Please find below a report which indicate that:
Ronald St. Jean of the Haiti-based group Defense of Political
Prisoners' Rights said June 21 that Judge Clune Pierre Jules had
dismissed all charges against Neptune and ordered his release from
jail. This news was corroborated by Brian Concannon Jr. of the
Oregon-based Institute for Justice and Democracy in Haiti, who said he
received a "reliable report" stating that the U.S. State Department
thinks the judge ordered Neptune's release.

Regards,

Jens

Found at: http://www.pww.org/article/articleprint/7423/
More calls to free former Haitian prime minister

Author: Tim Pelzer

People's Weekly World Newspaper, 07/21/05 10:28

Despite mounting pressure for his release, deposed Haitian Prime
Minister Yvon Neptune remains in custody and is continuing a prolonged
hunger strike in protest against his yearlong detention without trial.
After going before a judge on May 25, he still has not been charged
with committing any crime.

Neptune, 58, was jailed by the interim government of Gerard Latortue a
few months after the U.S.-backed ouster of democratically elected
President Jean-Bertrand Aristide in February 2004. He has languished
in prison ever since. His current hunger strike, his second while in
custody, began on April 17. Eyewitnesses say he is emaciated and
physically weak.

Ronald St. Jean of the Haiti-based group Defense of Political
Prisoners' Rights said June 21 that Judge Clune Pierre Jules had
dismissed all charges against Neptune and ordered his release from
jail. This news was corroborated by Brian Concannon Jr. of the
Oregon-based Institute for Justice and Democracy in Haiti, who said he
received a "reliable report" stating that the U.S. State Department
thinks the judge ordered Neptune's release.

However, Marguerite Laurence of the Haitian Lawyers Leadership Network
said, "There are reports that the Latortue government is interfering
with this judicial order and delaying further by demanding that Jules
reconsider his decision."

The World repeatedly called the Ministry of Justice but no one was
available to comment on Neptune's situation. An Interior Ministry
official said he had no knowledge of Neptune's status.

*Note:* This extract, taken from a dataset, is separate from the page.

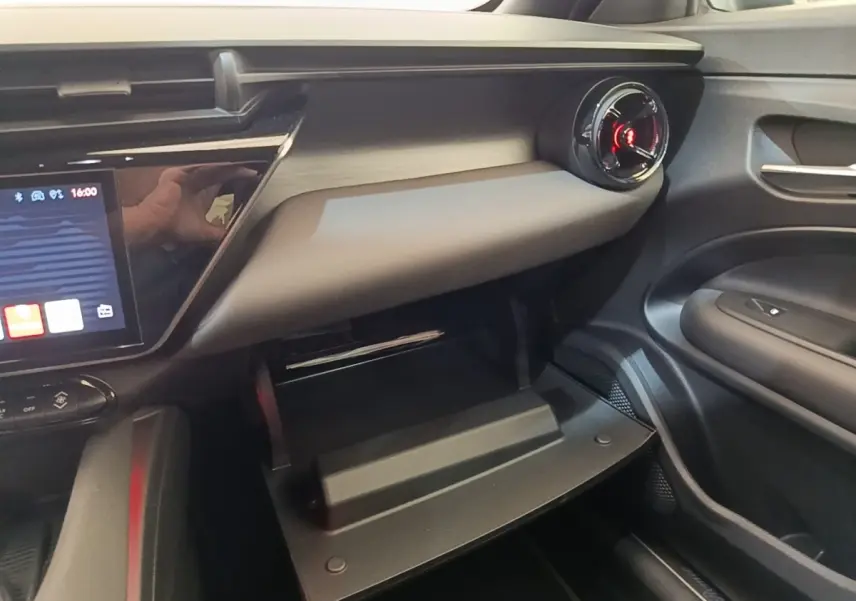 Intérieur côté passager de l'Alfa Romeo Junior 2024 noir, avec boîte à gants ouverte et aérateur rond rouge.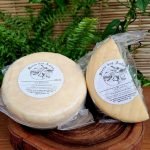Queijo Vô Bastião meia cura Serra das Antas sobre mesa de madeira.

According to The Los Angeles Times, Neptune is currently being held in
a villa guarded by and paid for by UN military forces, where he
remains bedridden.

The U.S.-installed government arrested Neptune on June 27, 2004, after
the National Coalition of Haitian Rights (NCHR) — since renamed the
"National Network of Human Rights Defenders" — and another group
alleged that Neptune ordered the massacre of government opponents in
the town of La Scierie on Feb. 11 of that year.

Neptune emphatically denied the allegation, and Louis Joinet, a UN
human rights investigator, has indirectly backed Neptune's stance.
After visiting La Scierie this April, Joinet rejected the allegation
that a massacre took place in that town on the date in question and
instead found that a spontaneous conflict between pro- and
anti-Aristide groups had erupted, resulting in casualties on both
sides.

The NCHR is by no means an impartial body, critics say. According to
Canada-based journalist Anthony Fenton, the NCHR participated in the
U.S.-led destabilization campaign against the elected Lavalas
government of President Aristide and has turned a blind eye to current
violations of human rights under the Latortue regime.

Fenton said, "Nothing speaks clearer toward the true role of NCHR in
carrying out partisan human rights investigations than their explicit
refusal to carry out investigations of summary executions and
massacres that are known to be have been perpetrated by U.S. Marines
and Haitian National Police in poor neighborhoods since February
2004."

A wide range of voices, from the Caribbean Community and Common Market
(Caricom) countries to Amnesty International, have demanded that
Neptune be immediately brought to trial or released.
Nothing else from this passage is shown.